I got a lot of things from her. More than one person has told me that sometimes I use words like knives. So did Nancy. I am haunted by some of the things she said to me in anger. Even though she almost always apologized later, I can’t unhear those things. Just as I’m sure there are quite a few things I said to her that she wished she could unhear, too.
A few years ago, my mom told me that when I was born, her mother told her that the best piece of advice she could give her was to never let me get a big head. Keep her ego in check, Nana told her. Never stop pointing out her flaws.
This was one of those light bulb moments for me. Suddenly, it made sense why my mother praised me to others but spent so many years criticizing me to my face. “I didn’t know any better,” she confessed. “I thought that’s what a good mom did.”
She told me how sorry she was that she followed Nana’s advice, and that now she could see how damaging it had been to my self-esteem.
It made me love her more.
Not only that she apologized, but that she recognized that she had things to apologize for. Not everybody does that. I’ve been waiting for my father to apologize since I was 21. He doesn’t think he has anything to apologize for. So we have no relationship, and probably never will. But that’s another story entirely.
My mother wasn’t a perfect mother, not by a long shot. And I wasn’t a perfect daughter, not by a long shot. But we were there for each other when it mattered the most. I fled to her arms in some of the most horrific moments of my adult life. And in those moments, she made me feel safe. She made me feel loved.
“There’s something about mothers,” my aunt always says. No matter how bad the arguments, or how deep the criticism, or how awful the whatever else – wanting your mother is like this primal instinct. You look to her when you’re seeking that soft place to fall.
I’m an only child, and when Joe and I got together, my mom took it hard. She was jealous of the time I spent with him – the time I didn’t spend with her. She would get jealous of my two best friends, too; she always felt I prioritized everybody over her. It wasn’t true, but to Nancy, it felt true.

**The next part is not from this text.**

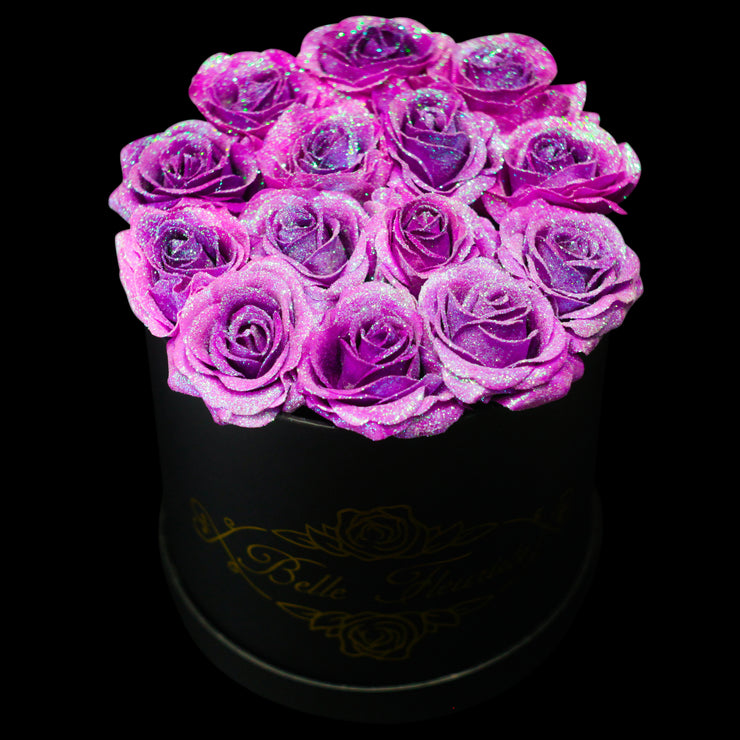 Unicorn Purple Glitter Roses - Black Box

We’d always talked about taking a trip to Iceland.
We never made it to the Booths Corner Farmers Market together.
We didn’t go to the theater as much as we should have.
We didn’t play enough card games.
She never made me the crab cakes she’d been promising me since my 36th birthday.
I never got to show her the mother’s album I made her of my wedding. It was supposed to be her Christmas present. I’d actually made it over the summer and debated whether or not to give it to her for her birthday. I decided against it. We’d stopped doing birthday presents years ago.
She never got to see that album. She never got to read the book she was so excited I was writing.
She’ll never read any words I write ever again.
When someone close to us dies, and we’re reminded of how short and unpredictable life can be, we make ourselves all sorts of promises. I won’t take time for granted ever again. I will regret nothing.
I thought these things when my Gram passed, even though she was older and had been declining for years. Why didn’t I visit her more? Call her more?
And when Marian – beautiful, 35-year-old, mother of two gorgeous little children Marian – when she passed away I thought those things again. Don’t hesitate to tell people you love them. Give them your words. Give them your time.
Give them your heart.
All day people have been sending me emails and text messages and, in the case of my amazerful husband, I even got a gorgeous bouquet of sunflowers. His note read, “Sweet, I know you miss your mom. We all do. Here’s something she loved for someone she loved.”
And that’s when whatever veneer of “okay” I’d been holding on to cracked open, and I started to cry.
My mom wasn’t old, and she wasn’t supposed to die at 61, but she did. I can’t change anything that happened or how it happened.
But I can tell Joe how much I love him, each and every day. I can spend more time with the people who make me feel loved, too. I can call my aunt more, and stop putting off…well, anything that I keep putting off.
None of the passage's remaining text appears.